:: Your instructions ::
Reproduce the whole listing below without its pictures, exactly as written.

(Information shown Opens)

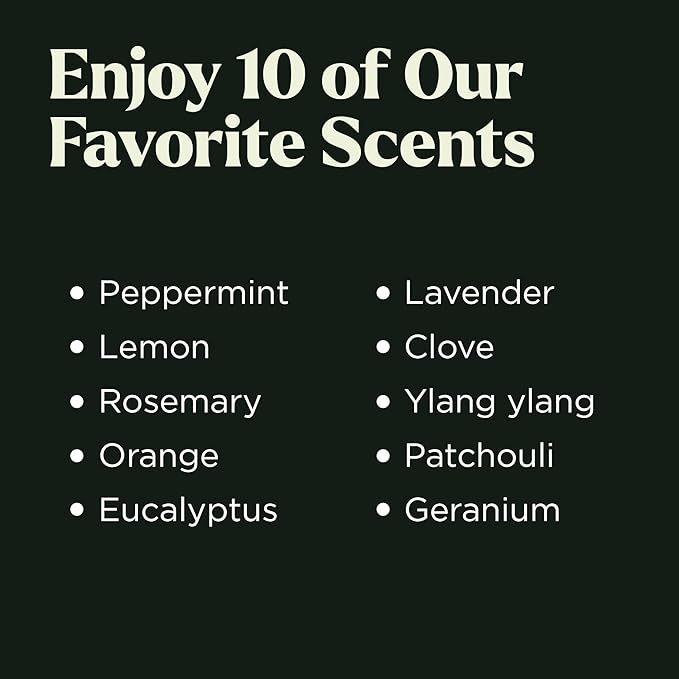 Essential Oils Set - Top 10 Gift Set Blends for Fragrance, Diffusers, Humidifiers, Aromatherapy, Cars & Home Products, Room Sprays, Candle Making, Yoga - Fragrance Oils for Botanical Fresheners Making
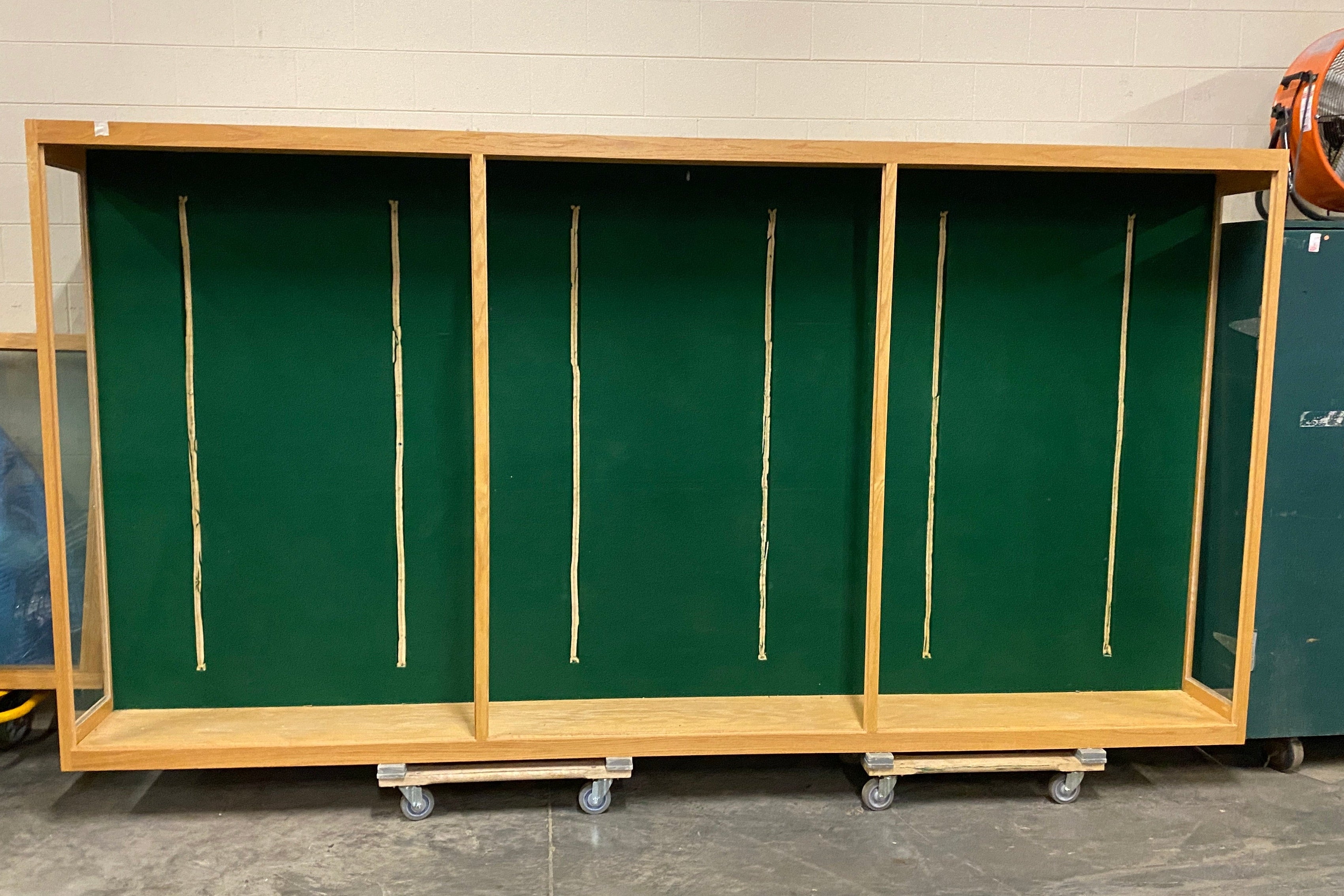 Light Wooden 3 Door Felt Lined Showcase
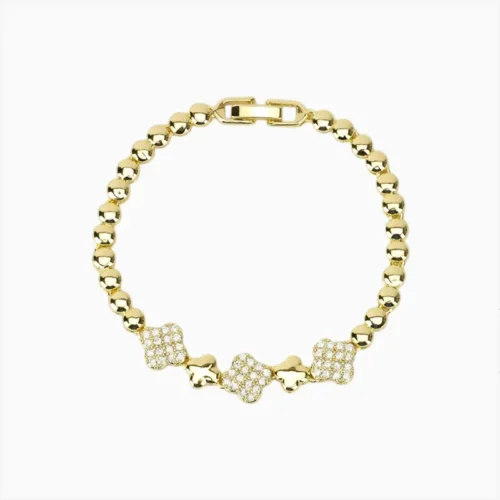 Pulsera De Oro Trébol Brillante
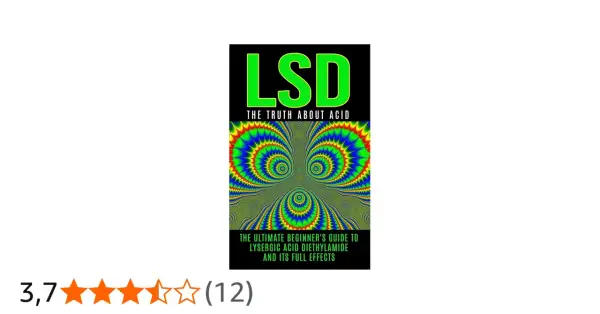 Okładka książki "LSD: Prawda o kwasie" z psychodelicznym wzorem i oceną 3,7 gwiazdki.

(Information shown Closes)

:: Task solution ::
 Essential Oils Set - Top 10 Gift Set Blends for Fragrance, Diffusers, Humidifiers, Aromatherapy, Cars & Home Products, Room Sprays, Candle Making, Yoga - Fragrance Oils for Botanical Fresheners Making
 Light Wooden 3 Door Felt Lined Showcase
 Pulsera De Oro Trébol Brillante
 Okładka książki "LSD: Prawda o kwasie" z psychodelicznym wzorem i oceną 3,7 gwiazdki.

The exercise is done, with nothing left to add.